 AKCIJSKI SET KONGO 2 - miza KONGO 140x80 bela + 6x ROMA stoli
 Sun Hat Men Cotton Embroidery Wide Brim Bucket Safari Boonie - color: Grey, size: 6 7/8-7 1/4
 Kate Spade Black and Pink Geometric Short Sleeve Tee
--
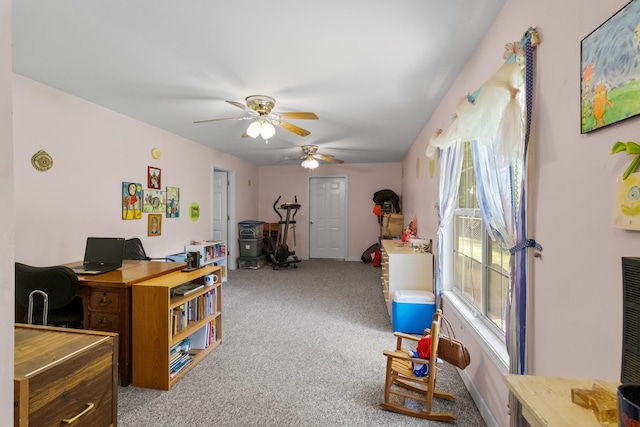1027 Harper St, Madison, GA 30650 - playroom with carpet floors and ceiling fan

EXERCISE OBJECTIVE >> For this exercise, output exactly the lines above from the line with "Sun Hat Men" to the line with "Kate Spade Black", counting both, and leave out the rest.

EXERCISE RESULT >>
 Sun Hat Men Cotton Embroidery Wide Brim Bucket Safari Boonie - color: Grey, size: 6 7/8-7 1/4
 Kate Spade Black and Pink Geometric Short Sleeve Tee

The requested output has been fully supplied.